=== Begin Enclosure ===

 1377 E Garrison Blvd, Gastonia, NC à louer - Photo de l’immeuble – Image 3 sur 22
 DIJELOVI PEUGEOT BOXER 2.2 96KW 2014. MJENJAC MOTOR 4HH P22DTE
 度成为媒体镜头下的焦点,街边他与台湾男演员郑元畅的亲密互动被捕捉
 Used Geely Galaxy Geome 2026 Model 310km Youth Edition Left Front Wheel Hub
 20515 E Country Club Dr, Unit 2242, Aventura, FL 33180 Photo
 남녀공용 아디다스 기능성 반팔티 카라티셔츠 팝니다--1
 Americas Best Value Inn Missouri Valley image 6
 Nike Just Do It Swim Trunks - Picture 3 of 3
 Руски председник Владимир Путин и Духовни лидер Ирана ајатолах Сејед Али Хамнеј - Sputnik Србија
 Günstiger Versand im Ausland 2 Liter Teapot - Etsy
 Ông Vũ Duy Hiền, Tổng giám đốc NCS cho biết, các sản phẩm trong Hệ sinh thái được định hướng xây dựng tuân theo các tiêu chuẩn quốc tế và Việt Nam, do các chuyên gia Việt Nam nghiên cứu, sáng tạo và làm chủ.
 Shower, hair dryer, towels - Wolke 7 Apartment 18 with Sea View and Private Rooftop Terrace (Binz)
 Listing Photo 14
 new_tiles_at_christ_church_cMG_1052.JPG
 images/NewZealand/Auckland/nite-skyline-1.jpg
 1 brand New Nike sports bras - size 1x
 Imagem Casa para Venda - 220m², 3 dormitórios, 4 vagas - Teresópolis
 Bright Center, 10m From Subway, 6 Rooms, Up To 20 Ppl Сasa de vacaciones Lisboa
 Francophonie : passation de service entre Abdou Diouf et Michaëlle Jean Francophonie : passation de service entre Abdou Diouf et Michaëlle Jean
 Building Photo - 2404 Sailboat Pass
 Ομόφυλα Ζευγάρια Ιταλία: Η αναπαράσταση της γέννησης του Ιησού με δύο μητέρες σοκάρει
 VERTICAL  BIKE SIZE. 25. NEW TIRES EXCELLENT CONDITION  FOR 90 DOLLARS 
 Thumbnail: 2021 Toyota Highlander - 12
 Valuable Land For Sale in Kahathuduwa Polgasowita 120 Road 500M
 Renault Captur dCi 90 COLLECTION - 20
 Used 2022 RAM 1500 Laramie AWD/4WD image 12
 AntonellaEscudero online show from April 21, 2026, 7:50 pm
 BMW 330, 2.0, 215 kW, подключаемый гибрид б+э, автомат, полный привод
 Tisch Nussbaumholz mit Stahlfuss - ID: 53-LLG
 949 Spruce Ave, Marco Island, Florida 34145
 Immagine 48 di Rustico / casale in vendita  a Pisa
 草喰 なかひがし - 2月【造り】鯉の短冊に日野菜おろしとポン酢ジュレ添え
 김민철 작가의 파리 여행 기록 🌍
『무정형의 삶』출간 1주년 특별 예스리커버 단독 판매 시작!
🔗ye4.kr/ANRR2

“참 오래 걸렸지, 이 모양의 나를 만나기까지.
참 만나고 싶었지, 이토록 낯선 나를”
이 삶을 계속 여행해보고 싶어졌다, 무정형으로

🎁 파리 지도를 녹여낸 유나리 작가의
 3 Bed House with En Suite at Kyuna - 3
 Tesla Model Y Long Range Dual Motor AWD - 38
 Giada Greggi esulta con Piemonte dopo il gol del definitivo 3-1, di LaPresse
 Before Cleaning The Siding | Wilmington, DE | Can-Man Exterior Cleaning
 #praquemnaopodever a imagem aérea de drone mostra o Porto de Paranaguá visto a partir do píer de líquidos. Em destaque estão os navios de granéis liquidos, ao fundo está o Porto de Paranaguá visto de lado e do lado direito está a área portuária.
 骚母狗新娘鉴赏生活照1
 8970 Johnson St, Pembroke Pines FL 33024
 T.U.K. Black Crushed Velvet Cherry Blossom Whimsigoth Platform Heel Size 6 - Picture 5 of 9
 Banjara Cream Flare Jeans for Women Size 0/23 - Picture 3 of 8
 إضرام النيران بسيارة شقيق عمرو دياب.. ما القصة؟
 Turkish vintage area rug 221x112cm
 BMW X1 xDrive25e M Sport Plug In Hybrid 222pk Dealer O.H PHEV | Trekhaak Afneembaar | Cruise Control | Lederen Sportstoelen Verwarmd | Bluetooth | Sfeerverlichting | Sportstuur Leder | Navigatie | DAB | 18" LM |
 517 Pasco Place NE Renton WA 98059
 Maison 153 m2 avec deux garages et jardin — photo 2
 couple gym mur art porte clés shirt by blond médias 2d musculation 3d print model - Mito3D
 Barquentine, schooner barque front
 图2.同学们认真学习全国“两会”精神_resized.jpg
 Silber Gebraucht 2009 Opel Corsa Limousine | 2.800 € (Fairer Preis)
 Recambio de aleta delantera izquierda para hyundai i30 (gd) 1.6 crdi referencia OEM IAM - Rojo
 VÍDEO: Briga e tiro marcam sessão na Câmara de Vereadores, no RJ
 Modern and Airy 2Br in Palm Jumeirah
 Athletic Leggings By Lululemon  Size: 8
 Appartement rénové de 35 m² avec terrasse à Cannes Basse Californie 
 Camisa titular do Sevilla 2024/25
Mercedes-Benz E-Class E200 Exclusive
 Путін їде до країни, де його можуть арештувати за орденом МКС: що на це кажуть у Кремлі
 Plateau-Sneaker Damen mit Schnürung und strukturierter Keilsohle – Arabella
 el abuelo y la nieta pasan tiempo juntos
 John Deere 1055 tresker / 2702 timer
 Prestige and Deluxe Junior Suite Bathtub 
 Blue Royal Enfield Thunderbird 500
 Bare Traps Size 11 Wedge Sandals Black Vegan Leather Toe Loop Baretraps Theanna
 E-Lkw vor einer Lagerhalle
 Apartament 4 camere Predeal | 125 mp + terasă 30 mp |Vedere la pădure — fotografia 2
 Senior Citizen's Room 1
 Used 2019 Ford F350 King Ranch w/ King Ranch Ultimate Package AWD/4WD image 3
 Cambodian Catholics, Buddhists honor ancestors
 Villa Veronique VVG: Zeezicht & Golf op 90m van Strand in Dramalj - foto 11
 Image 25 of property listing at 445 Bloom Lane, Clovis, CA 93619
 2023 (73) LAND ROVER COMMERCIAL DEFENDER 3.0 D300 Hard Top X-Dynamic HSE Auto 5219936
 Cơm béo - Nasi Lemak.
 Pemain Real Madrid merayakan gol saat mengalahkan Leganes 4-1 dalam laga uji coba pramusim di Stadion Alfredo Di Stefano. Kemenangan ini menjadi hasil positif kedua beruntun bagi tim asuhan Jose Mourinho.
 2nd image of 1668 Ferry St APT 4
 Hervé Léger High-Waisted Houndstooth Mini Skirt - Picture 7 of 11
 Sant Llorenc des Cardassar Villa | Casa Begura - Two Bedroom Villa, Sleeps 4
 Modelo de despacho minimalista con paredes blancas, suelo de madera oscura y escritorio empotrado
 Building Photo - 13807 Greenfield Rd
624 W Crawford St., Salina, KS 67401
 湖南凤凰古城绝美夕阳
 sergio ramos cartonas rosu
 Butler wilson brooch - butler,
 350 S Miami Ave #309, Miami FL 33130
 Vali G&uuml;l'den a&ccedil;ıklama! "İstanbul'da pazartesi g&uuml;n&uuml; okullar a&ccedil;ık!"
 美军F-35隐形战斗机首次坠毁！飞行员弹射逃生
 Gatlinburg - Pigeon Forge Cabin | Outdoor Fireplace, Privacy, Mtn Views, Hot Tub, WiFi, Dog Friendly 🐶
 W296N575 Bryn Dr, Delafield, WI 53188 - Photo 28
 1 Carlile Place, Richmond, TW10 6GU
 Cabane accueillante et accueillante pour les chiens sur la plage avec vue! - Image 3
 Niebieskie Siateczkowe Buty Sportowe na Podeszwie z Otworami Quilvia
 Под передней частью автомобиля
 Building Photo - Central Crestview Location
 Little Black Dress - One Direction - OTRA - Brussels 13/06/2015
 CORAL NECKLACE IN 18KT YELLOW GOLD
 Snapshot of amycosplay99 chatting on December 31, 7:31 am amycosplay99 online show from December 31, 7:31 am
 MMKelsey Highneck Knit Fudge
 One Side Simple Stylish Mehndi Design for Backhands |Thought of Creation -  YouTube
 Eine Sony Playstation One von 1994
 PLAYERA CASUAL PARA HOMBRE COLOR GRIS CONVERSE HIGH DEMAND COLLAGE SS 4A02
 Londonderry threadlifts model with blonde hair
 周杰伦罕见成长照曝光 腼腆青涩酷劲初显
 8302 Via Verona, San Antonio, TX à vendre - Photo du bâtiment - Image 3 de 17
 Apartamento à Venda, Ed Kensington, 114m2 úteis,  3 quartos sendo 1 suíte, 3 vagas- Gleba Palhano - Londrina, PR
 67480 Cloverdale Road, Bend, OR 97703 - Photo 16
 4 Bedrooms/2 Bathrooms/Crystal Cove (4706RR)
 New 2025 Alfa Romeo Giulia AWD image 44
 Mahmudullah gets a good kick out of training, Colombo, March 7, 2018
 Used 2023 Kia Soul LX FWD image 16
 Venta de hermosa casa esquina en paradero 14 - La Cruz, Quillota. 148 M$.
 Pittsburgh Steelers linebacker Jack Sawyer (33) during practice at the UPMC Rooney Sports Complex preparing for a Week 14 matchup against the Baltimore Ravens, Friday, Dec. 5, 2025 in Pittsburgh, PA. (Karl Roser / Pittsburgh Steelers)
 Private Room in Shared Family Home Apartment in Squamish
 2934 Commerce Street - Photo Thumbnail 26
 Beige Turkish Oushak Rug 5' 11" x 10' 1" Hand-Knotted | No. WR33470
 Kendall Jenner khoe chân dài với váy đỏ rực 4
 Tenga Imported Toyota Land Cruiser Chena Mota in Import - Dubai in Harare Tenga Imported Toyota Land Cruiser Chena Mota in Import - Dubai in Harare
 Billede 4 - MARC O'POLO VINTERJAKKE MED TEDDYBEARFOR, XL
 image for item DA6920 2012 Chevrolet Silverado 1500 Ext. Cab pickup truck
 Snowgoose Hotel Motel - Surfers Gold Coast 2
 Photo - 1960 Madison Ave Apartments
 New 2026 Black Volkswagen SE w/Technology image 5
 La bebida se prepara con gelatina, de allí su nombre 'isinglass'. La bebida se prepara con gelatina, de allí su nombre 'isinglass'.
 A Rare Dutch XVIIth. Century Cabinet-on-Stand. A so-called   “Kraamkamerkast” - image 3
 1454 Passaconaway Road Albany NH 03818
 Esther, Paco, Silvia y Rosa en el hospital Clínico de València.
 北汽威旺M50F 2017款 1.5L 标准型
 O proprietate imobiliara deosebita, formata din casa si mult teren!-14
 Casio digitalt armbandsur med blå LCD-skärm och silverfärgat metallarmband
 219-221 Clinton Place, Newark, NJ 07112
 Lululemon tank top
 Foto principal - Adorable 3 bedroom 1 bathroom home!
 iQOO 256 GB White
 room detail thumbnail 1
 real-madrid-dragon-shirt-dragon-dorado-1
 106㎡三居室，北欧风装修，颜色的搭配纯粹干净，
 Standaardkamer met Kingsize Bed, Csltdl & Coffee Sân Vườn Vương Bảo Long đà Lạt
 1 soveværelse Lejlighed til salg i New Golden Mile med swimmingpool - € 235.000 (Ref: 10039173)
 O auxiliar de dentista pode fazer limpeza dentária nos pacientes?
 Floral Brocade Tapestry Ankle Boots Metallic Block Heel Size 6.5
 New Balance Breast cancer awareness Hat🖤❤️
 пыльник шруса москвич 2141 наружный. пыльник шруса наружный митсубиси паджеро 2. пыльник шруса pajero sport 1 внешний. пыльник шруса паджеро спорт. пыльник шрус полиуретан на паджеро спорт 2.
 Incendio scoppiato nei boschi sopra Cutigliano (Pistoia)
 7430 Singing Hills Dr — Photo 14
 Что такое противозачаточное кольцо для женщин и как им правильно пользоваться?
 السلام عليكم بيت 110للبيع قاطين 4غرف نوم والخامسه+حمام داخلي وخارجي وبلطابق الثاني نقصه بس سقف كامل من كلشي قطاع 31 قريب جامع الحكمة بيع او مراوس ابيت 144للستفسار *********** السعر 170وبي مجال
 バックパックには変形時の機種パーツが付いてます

=== End Enclosure ===

Problem to solve:
Take the lines from the start of the records through the line holding "Günstiger Versand im", both included, and please print them exactly, with nothing else.

Answer box:
 1377 E Garrison Blvd, Gastonia, NC à louer - Photo de l’immeuble – Image 3 sur 22
 DIJELOVI PEUGEOT BOXER 2.2 96KW 2014. MJENJAC MOTOR 4HH P22DTE
 度成为媒体镜头下的焦点,街边他与台湾男演员郑元畅的亲密互动被捕捉
 Used Geely Galaxy Geome 2026 Model 310km Youth Edition Left Front Wheel Hub
 20515 E Country Club Dr, Unit 2242, Aventura, FL 33180 Photo
 남녀공용 아디다스 기능성 반팔티 카라티셔츠 팝니다--1
 Americas Best Value Inn Missouri Valley image 6
 Nike Just Do It Swim Trunks - Picture 3 of 3
 Руски председник Владимир Путин и Духовни лидер Ирана ајатолах Сејед Али Хамнеј - Sputnik Србија
 Günstiger Versand im Ausland 2 Liter Teapot - Etsy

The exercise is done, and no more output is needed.